Mossberg, who identifies himself as a queer farmer, grew up in rural Connecticut and began farming as a teenager. Today he owns his own vegetable and flower farm in Vermont, where he keeps bees, teaches local students about sustainable farming, and sells his produce in the Brattleboro Area Farmer’s Market.
“Farming was the first time that I realized I actually felt good in my body,” said Mossberg in his documentary. But he found it isolating as well; he felt very alone in the intersection between his sexuality and his work. Farming communities are not known for inclusive attitudes or diverse populations.
He began work on Out Here to feel connected to other people in his situation and to offer them that connection as well. In the process of making it, he traveled to 30 farms around the country to meet other queer farmers, learn their stories, and explore how they each felt their identities affected their careers.

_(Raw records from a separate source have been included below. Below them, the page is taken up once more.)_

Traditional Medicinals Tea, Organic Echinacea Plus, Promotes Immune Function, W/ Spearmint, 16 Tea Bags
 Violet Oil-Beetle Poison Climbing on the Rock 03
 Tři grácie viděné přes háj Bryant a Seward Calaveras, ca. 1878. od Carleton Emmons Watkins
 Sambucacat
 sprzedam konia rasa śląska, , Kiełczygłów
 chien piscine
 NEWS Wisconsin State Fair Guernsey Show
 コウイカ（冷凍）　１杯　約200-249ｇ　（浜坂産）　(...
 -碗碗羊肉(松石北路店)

As the documentary came into shape over four years, Mossberg realized that he also wanted to use it to challenge the narrow American stereotype of the farmer as a straight, white, stoic male.
Out Here debuted in 2013 in San Francisco at the Frameline LGBTQ International Film Festival. Since then, Mossberg has toured with it in his farm’s off-season, hosting Q&A panels at universities and community farms around the country and expanding the connections he seeks with each one.